Por Juan Pablo Bertazza
A pesar de que la literatura siempre supo chuparles inspiración a las enfermedades, la irrupción del doctor en neurología Oliver Sacks constituyó algo novedoso. Su carrera es como la de aquellos autores que cuentan con esos dos o tres hitos por los que resultan altamente identificables, célebres, masivos, casi: el elogio de un poeta descomunal como su amigo W. H. Auden –definió Migraña como “obra maestra”–; la publicación de El hombre que confundió a su mujer con un sombrero (1985), historia clínica y literaria de un paciente que sufría agnosia visual muy grave, es decir, no podía identificar ni definir los objetos; pero también Despertares, película de 1990 multinominada a los Oscar, con Robin Williams y Robert De Niro, basada en el libro que Sacks había escrito en 1973, las vidas y los tratamientos que se cruzan y son lo mismo en el hospital neoyorquino de Beth Abraham, pacientes irrecuperables, víctimas de una epidemia de los años ’20 que fueron quedando postrados, en estado vegetativo, sin esperanza. Hasta que casi medio siglo después, el doctor Sayer (claro alterego de Sacks) intenta despertarlos, tal como aconsejaba Einstein, sin hacer siempre lo mismo; ofreciéndoles, por ejemplo, una droga nueva que finalmente despertará a Leonard Lowe, uno de sus pacientes. Pero ¿qué sucede cuando alguien despierta de una enfermedad luego de cincuenta años? ¿Cuál es la primera sensación? ¿Qué quiere decir, en ese contexto, la palabra “cura”?
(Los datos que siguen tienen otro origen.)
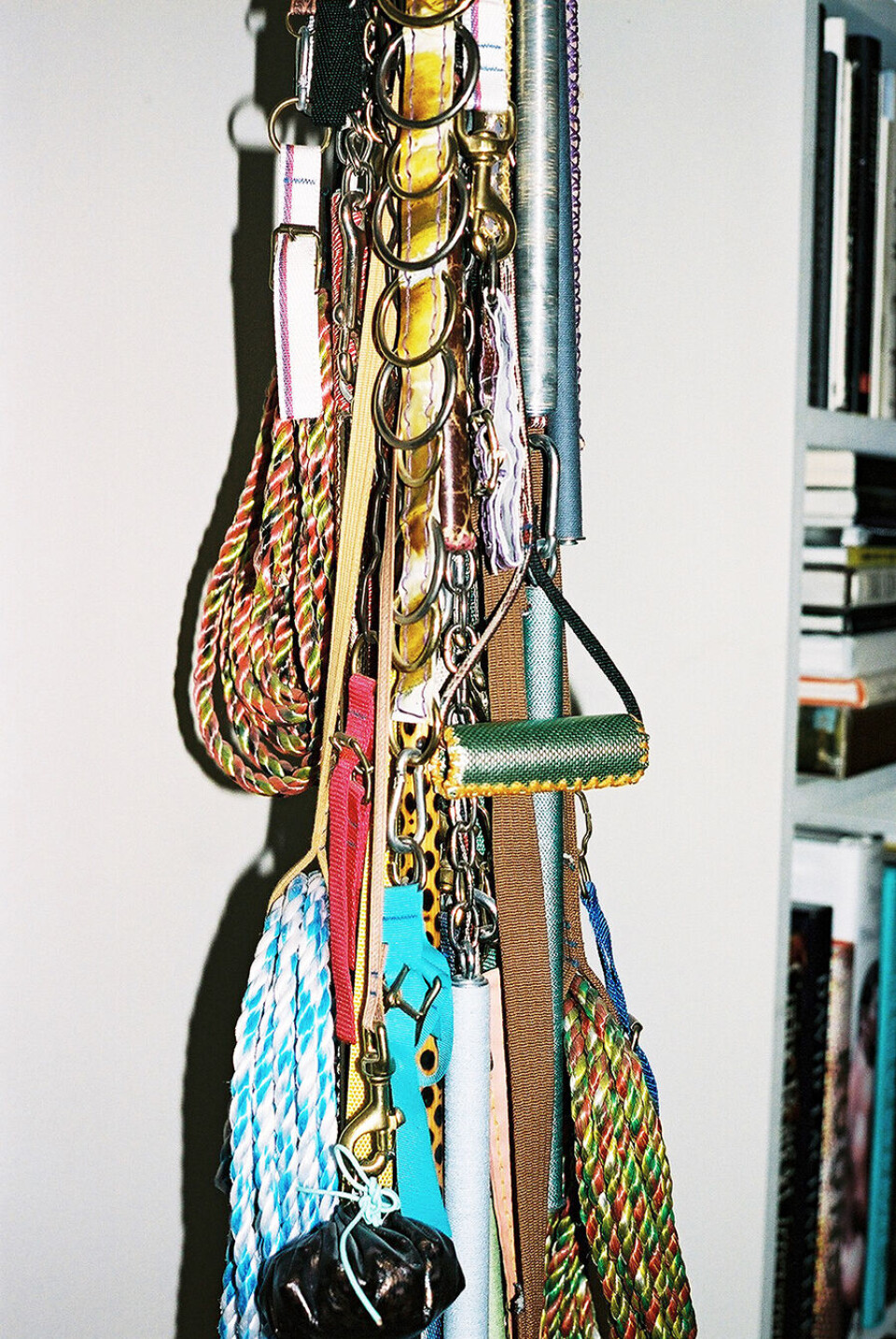 Man får instinktivt lyst til at røre ved værket af Maiken Bent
Los ojos de la mente, último libro de Sacks, está compuesto de distintos capítulos o relatos que cuentan, en clave literaria, los casos clínicos de algunos de sus pacientes particulares: una destacada intérprete de Chopin y Mozart que empieza a tener una insólita dificultad para leer pentagramas; un escritor de novelas policiales que un día compra su diario preferido y, apenas lo abre, siente que está escrito en chino mandarín o sánscrito. En definitiva, un libro en que las tramas literarias aparecen tatuadas con fechas, científicos, títulos de libros y términos técnicos como afasias, alexias, apoplejía (suspensión súbita y completa de la acción cerebral) y experiencias límite de enfermedades degenerativas como el Alzheimer o la Atrofia Cortical Posterior, que es la incapacidad para reconocer objetos familiares y personas.
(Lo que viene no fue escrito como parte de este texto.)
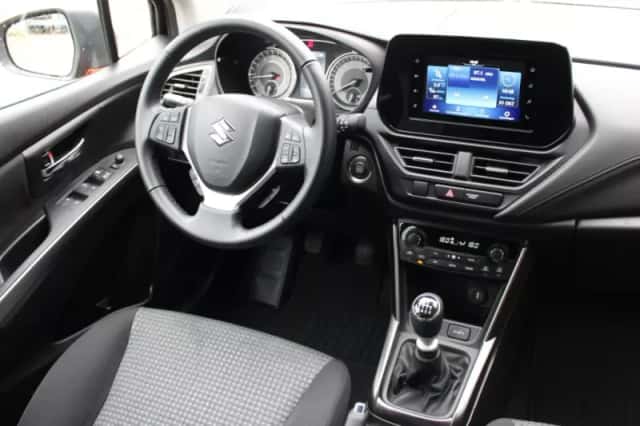Suzuki S-Cross (2024) thumbnail 2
Con algo de relato policial –demanda casi una tarea detectivesca dar con exactitud en algunos males que tienen una frecuencia extraordinariamente baja– y algo de diario íntimo acerca de cómo llevar una enfermedad, Los ojos de la mente puede llevar mucha calma a los pacientes que sufran estos trastornos, o también a sus familiares, pero, eso sí, no resulta recomendable para hipocondríacos.
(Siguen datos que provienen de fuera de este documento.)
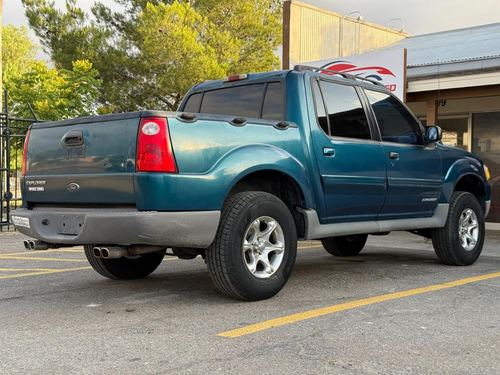 2001 Ford Explorer — photo 12
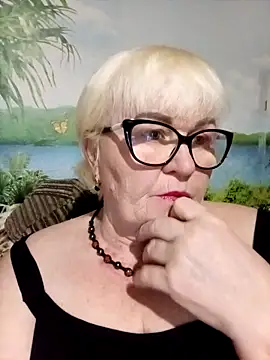 Snapshot of VioletSweet5566 chatting on 6, 5, 2026 VioletSweet5566 online show from 6, 5, 2026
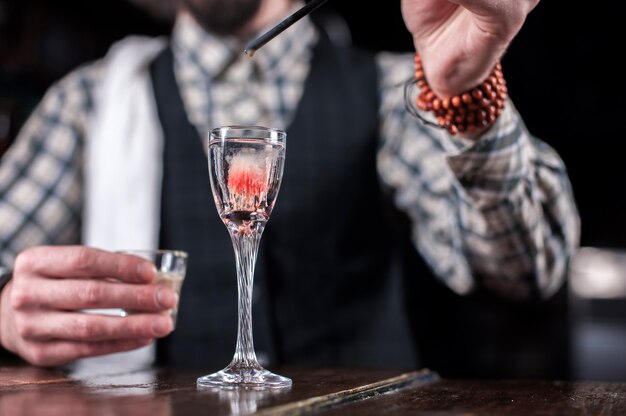 Barman maakt een cocktail in de bierhal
Los ojos de la mente tal vez sea literariamente más pobre que sus otros libros, pero perfecciona hasta la médula el mensaje que Sacks intentó expresar a lo largo de toda su obra. En ese sentido, es algo así como un libro de autoayuda, pero inteligente y muy bien llevado: el otro sentido de la palabra crisis, lo bueno que trae todo lo malo, el valor de los afectos, la búsqueda conmovedora y el hallazgo de estrategias novedosas para sobrellevar el día a día. Por ejemplo, reorganizar el mundo con señales propias. Pero también algo que excede lo individual y que tiene que ver con la complejidad del mundo: como el enriquecimiento de los demás sentidos cuando se pierde la vista, cuenta Sacks que los afásicos “tienen más facilidad para detectar cuándo alguien miente”. Complicaciones que abren una puerta, tal como sucedió con la paciente Lilian Kallir que, en el peor momento de su enfermedad, toca de manera sublime el cuarteto de Haydn para soltar, luego de los últimos acordes, un enigmático y, a la vez, clarísimo “todo está perdonado”. Esa lucidez que habla de la riquísima relación entre la complejidad de la vida, los alcances secretos de una enfermedad y la importancia de la actitud a la hora de revertir los efectos es lo mejor de este libro que, no obstante, a veces se pierde en datos engorrosos sobre bibliografía especializada: Carl Wernicke, Franz Joseph Gall, Paul Broca, etcétera.
Pero se perdona, justamente, porque en el medio se destacan historias de vida que, por momentos, brillan como algún verso de Auden o aquella frase de los diarios de Dylan Thomas: “los mejores himnos al sol se escriben en la oscuridad”.